[Study material]
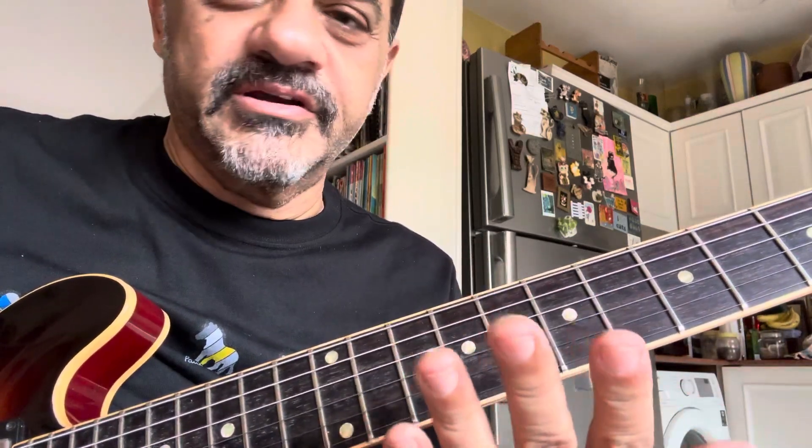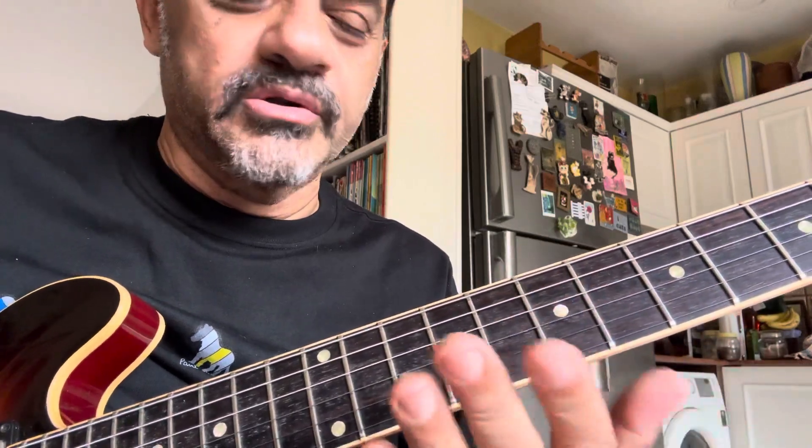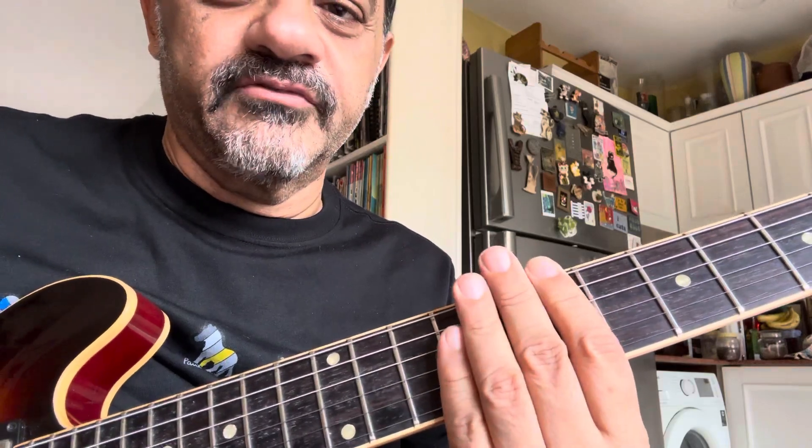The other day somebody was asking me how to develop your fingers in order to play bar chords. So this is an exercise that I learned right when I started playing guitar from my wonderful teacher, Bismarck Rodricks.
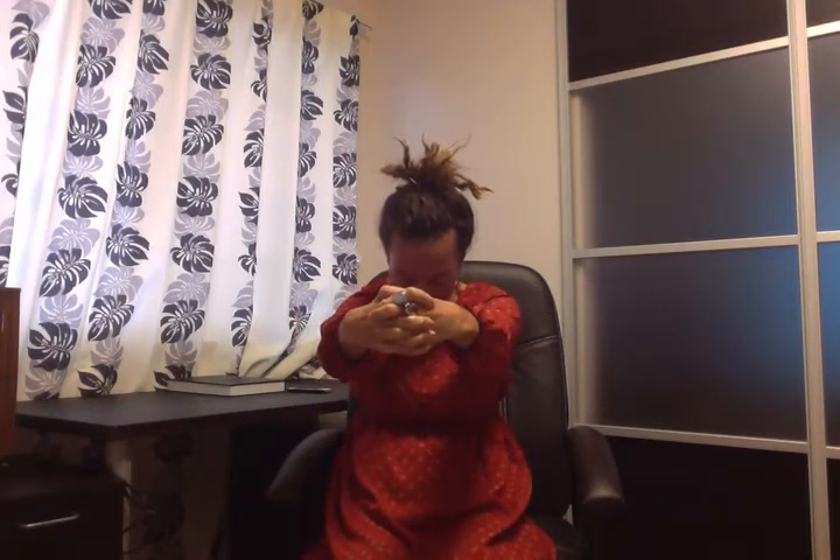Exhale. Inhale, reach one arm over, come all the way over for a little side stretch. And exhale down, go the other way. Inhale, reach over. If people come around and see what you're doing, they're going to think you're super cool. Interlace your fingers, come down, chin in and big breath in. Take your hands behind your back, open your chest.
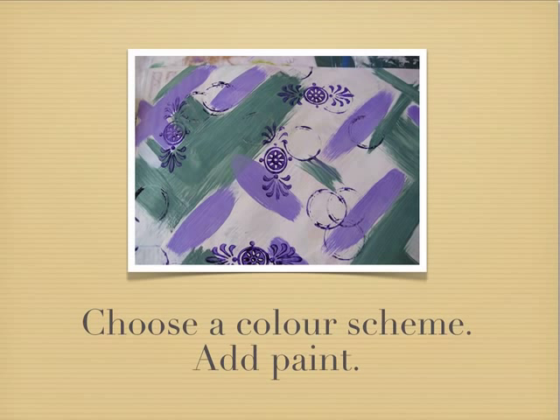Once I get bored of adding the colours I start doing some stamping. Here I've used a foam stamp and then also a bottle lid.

* * *

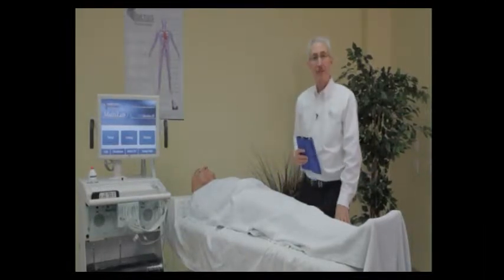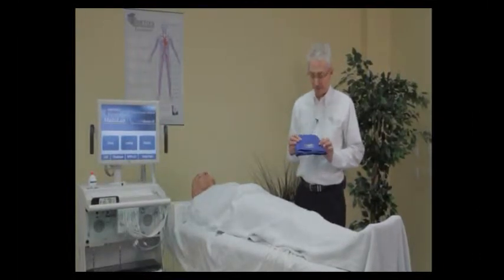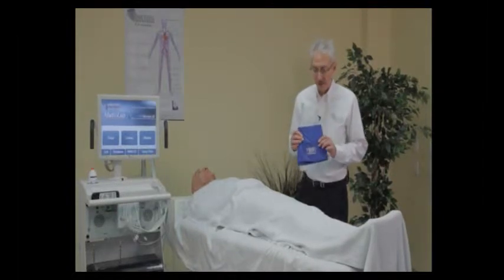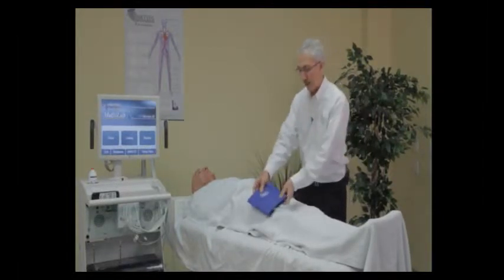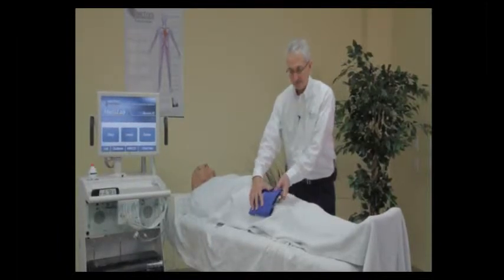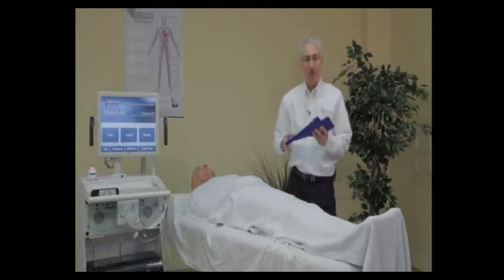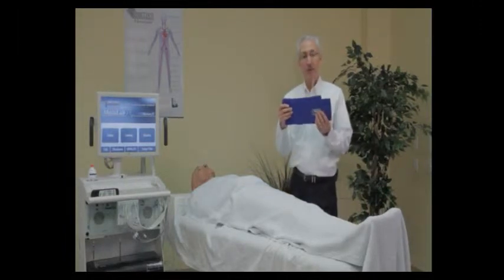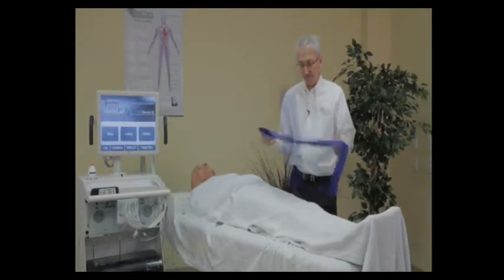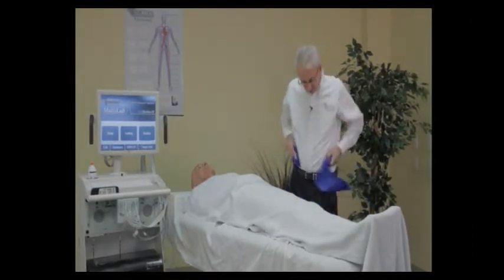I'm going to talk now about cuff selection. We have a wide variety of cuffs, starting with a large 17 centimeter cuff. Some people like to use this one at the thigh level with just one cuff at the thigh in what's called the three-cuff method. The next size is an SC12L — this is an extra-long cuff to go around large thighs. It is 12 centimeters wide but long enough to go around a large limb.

* * *

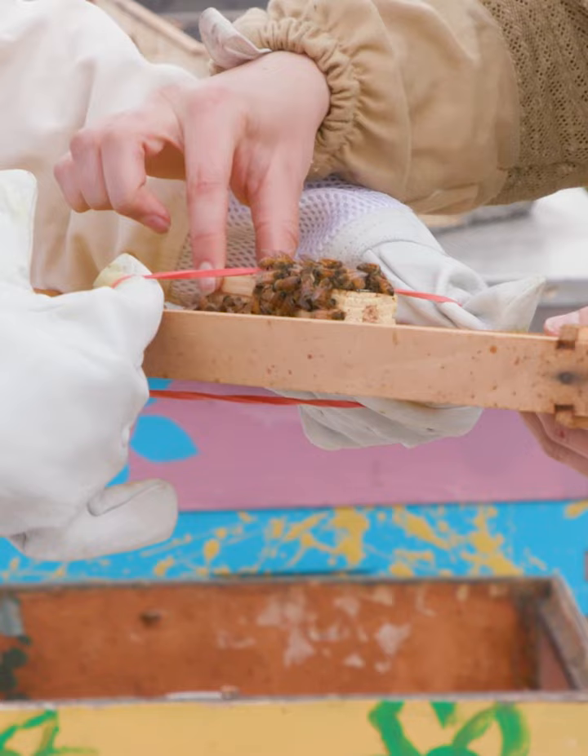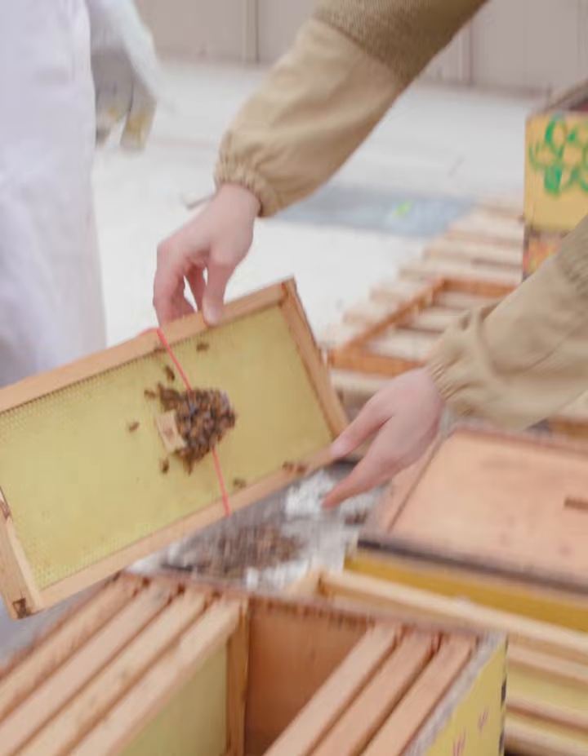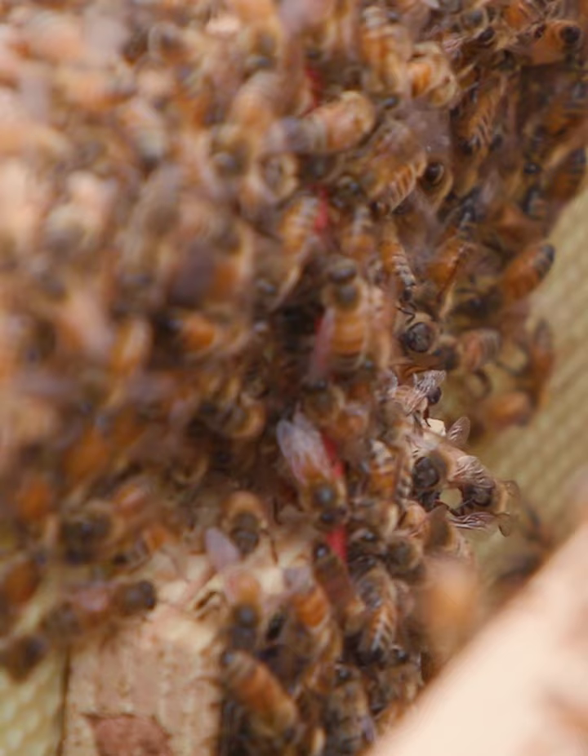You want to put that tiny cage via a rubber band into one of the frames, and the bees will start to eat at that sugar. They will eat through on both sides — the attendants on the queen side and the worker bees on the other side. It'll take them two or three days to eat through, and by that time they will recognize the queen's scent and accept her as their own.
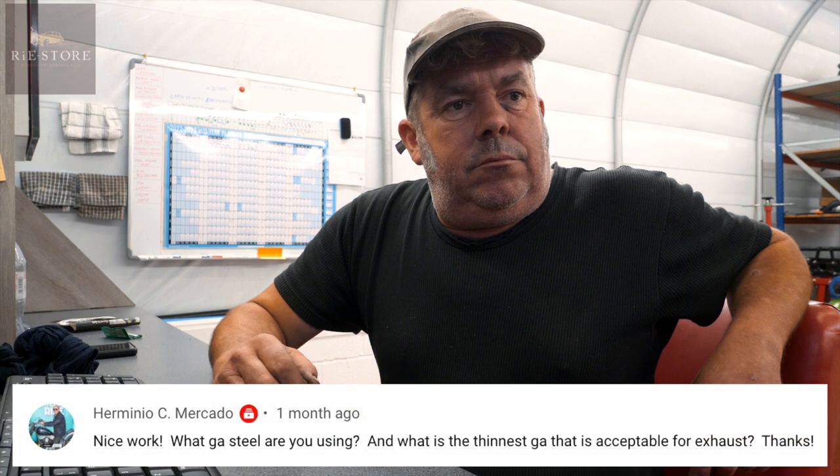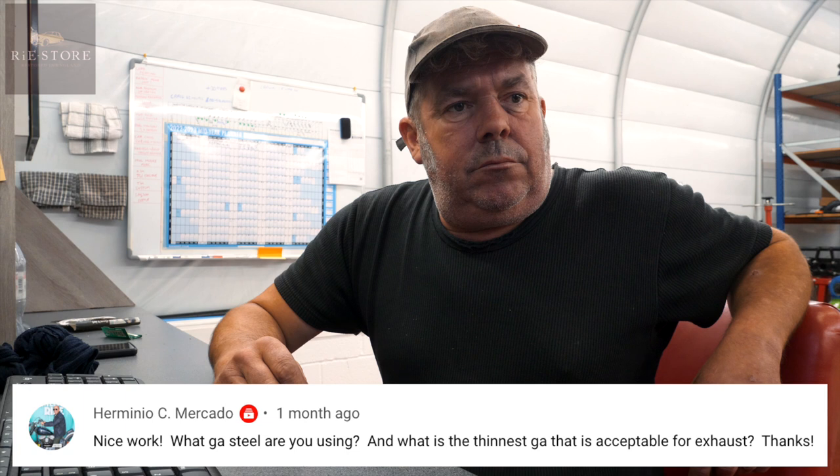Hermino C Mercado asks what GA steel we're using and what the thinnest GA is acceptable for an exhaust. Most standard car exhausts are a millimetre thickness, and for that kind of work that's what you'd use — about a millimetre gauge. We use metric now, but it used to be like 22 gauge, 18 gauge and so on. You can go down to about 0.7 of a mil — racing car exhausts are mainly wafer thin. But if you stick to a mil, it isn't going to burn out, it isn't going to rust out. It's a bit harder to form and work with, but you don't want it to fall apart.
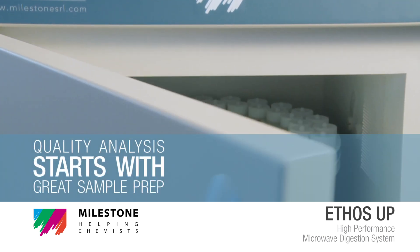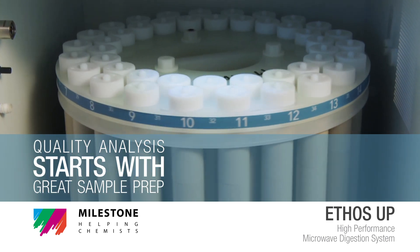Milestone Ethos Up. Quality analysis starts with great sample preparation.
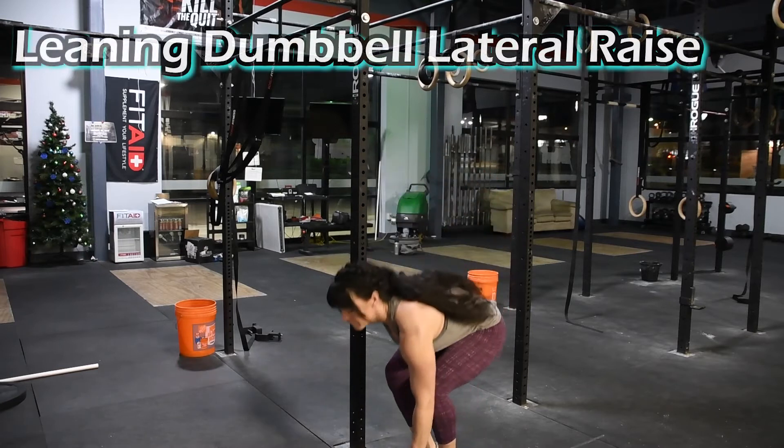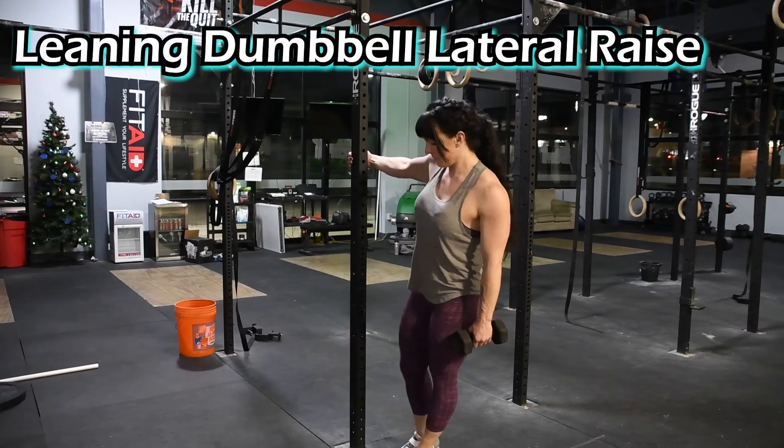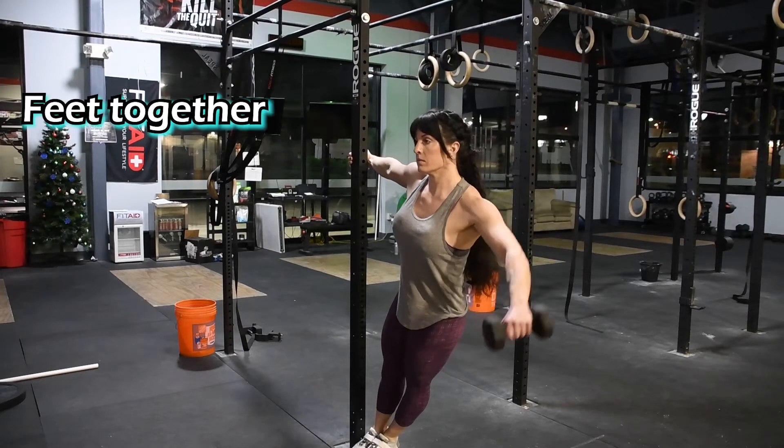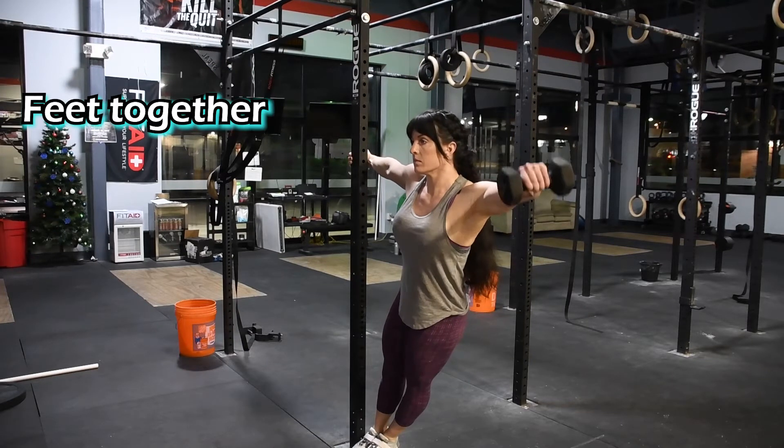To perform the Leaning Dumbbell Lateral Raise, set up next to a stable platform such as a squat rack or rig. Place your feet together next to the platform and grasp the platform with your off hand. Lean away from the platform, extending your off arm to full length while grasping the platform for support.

[What is expected] Working from the records above, set down word for word everything from the line containing "Exhale. Inhale, reach" down to the line containing "Once I get bored", ends included, minus the pictures.

[Task result]
Exhale. Inhale, reach one arm over, come all the way over for a little side stretch. And exhale down, go the other way. Inhale, reach over. If people come around and see what you're doing, they're going to think you're super cool. Interlace your fingers, come down, chin in and big breath in. Take your hands behind your back, open your chest.
Once I get bored of adding the colours I start doing some stamping. Here I've used a foam stamp and then also a bottle lid.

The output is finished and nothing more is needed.